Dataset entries
• • • • •

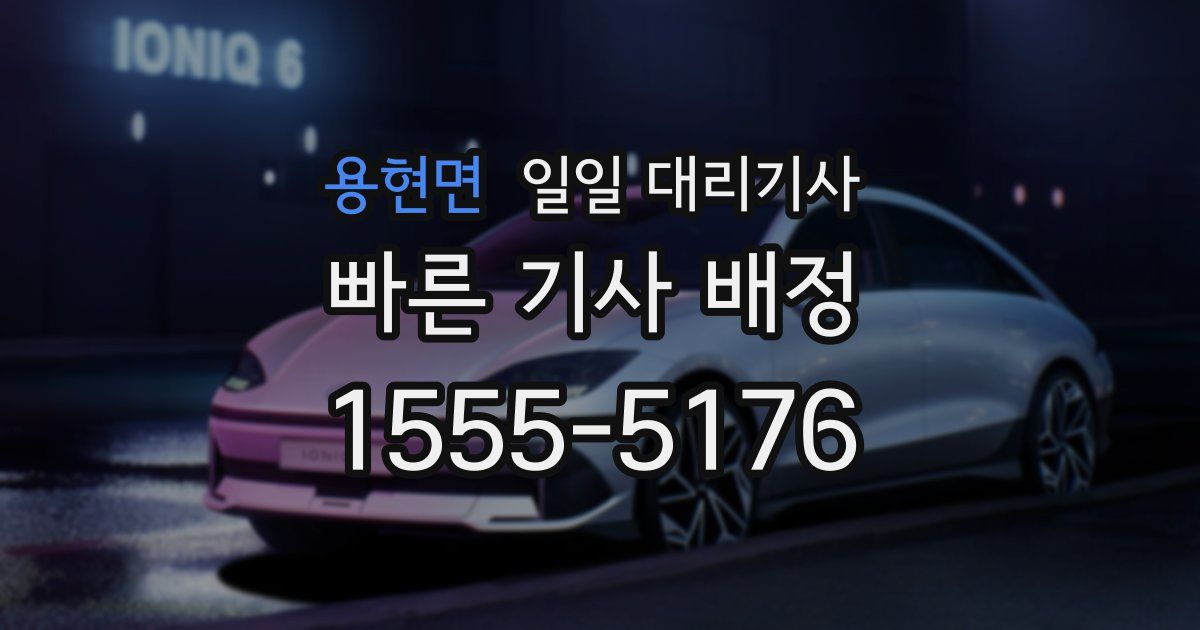 용현면 일일 대리기사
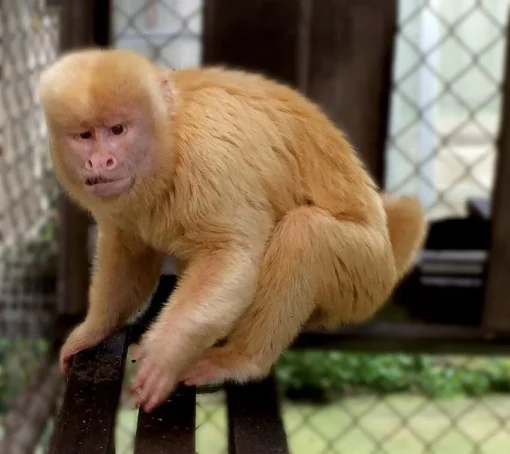 Milo- Male Blond Capuchin Monkey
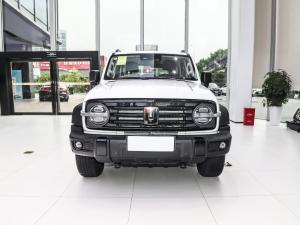 China Tank 300 2024 2.0T Tank SUV Car Conqueror White Fuel Powered Car factory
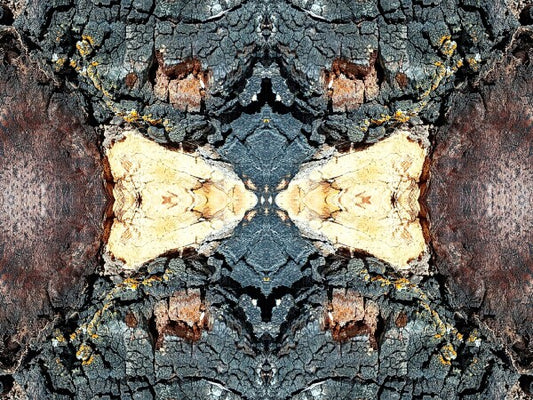 Toasted 4 - a stunning 16" x 12" Acrylic Print of Mirrored Natural Wood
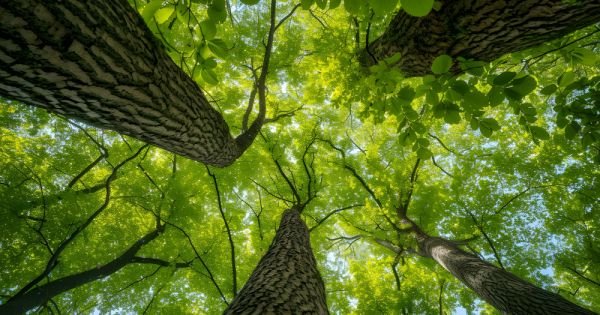 Paraguay verwacht meer dan 1 miljard dollar aan investeringen van Singapore in koolstofkredieten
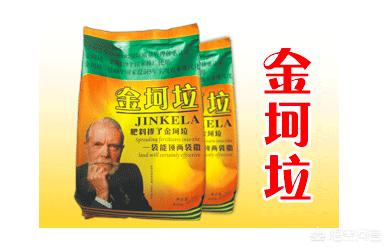 网红罗几车祸遇难,抖音网红罗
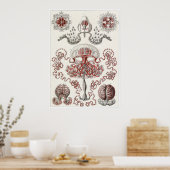 Ernst Haeckel Art Print: Anthomedusae Poster (Küche)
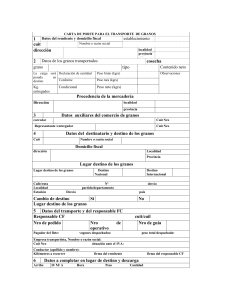 Carta-Porte-Formato (1)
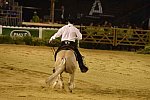 WEG-Reining-8-30-14-0000452-TomMcCutcheon-DunGetANicadual-USA-DDeRosaPhoto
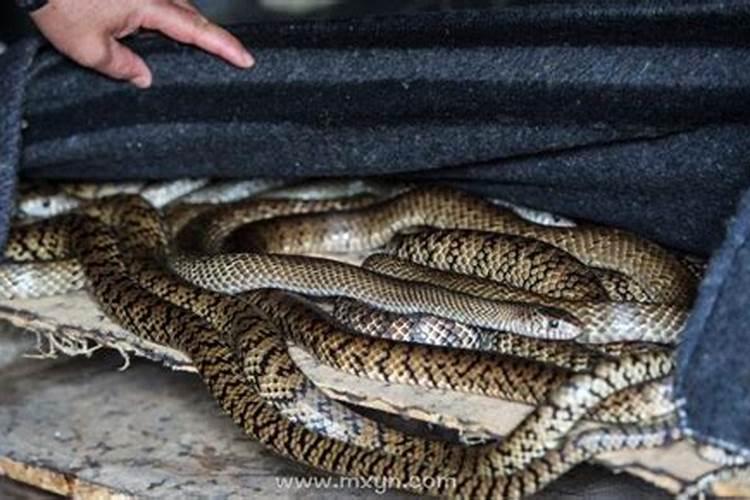 梦见家里有好多虫子和蛇？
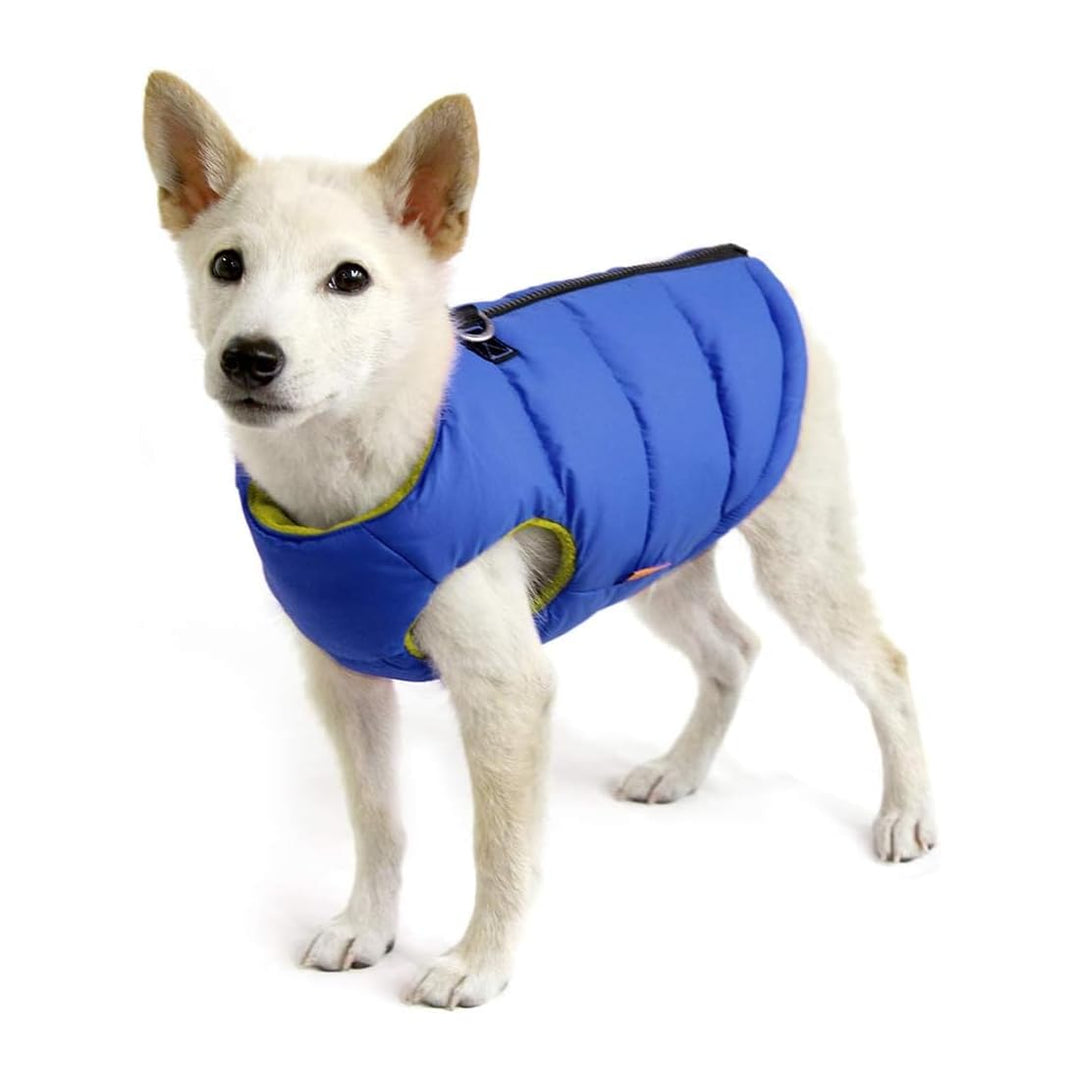Gooby Gepolsterte Weste Hundejacke – solide blau, XS – warme Hundeweste mit Reissverschluss und Dopp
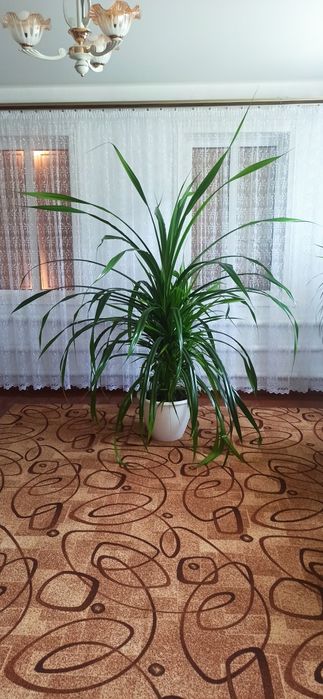 Вазон великий.                   .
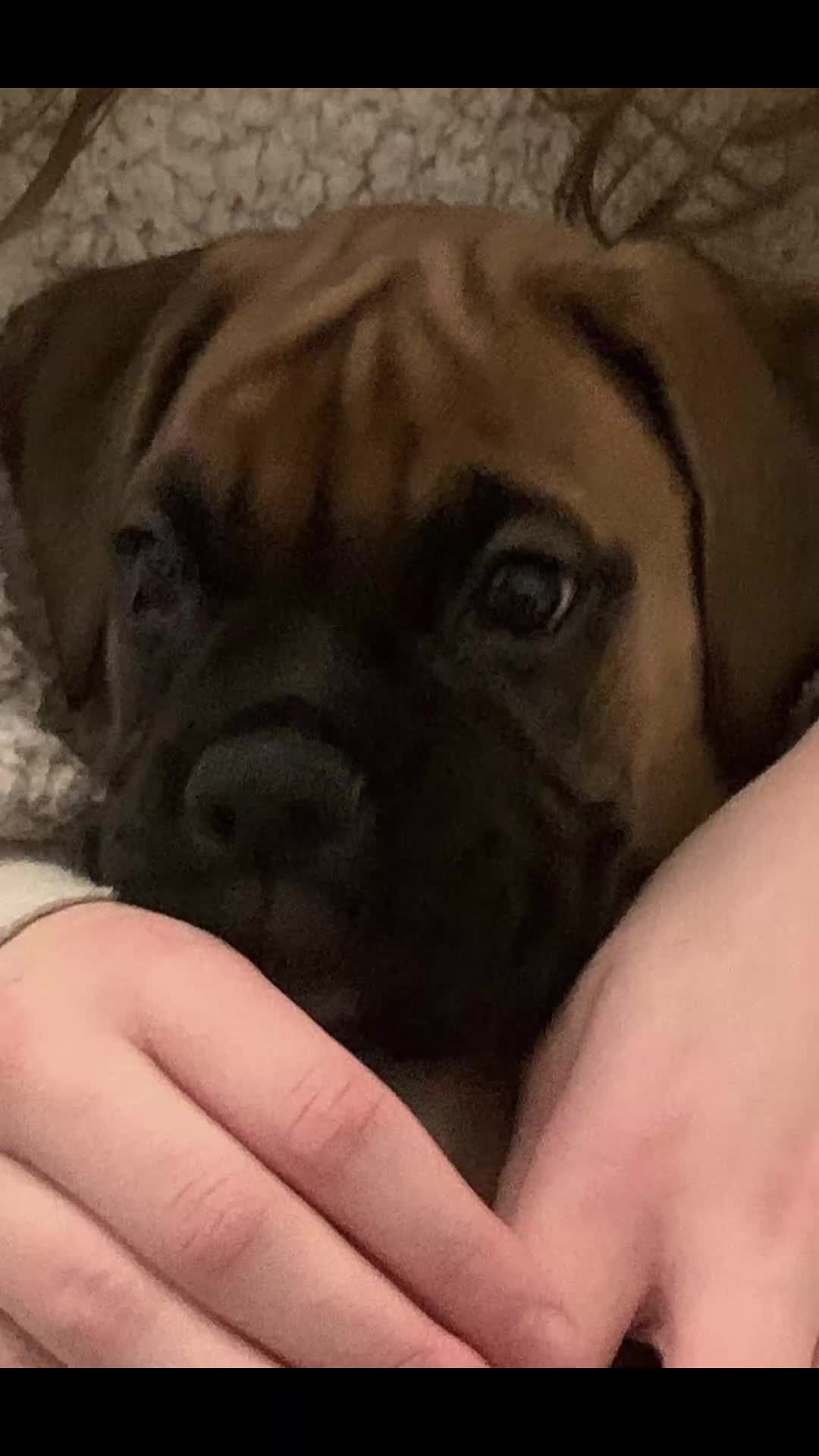 Boxer dogs for sale: **An Exceptional Show-Quality Litter Expected** - Video 1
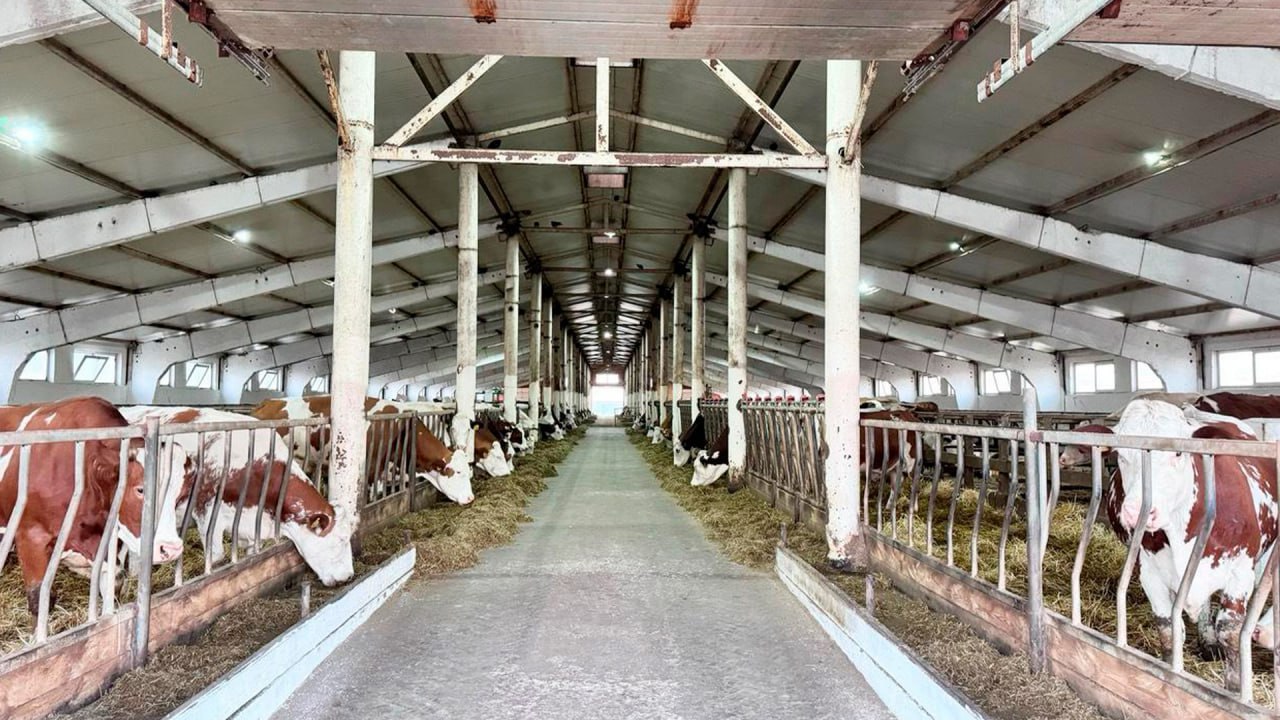 Mal sharýashylyǵyn damytýǵa jeńildikpen nesıe beriledi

• • • • •

→ **TASK**: Only the lines from the one containing "Boxer dogs for" through the last line of the data may appear in the answer, each given again exactly and with pictures left out.

→ **RESULT BELOW**:
 Boxer dogs for sale: **An Exceptional Show-Quality Litter Expected** - Video 1
 Mal sharýashylyǵyn damytýǵa jeńildikpen nesıe beriledi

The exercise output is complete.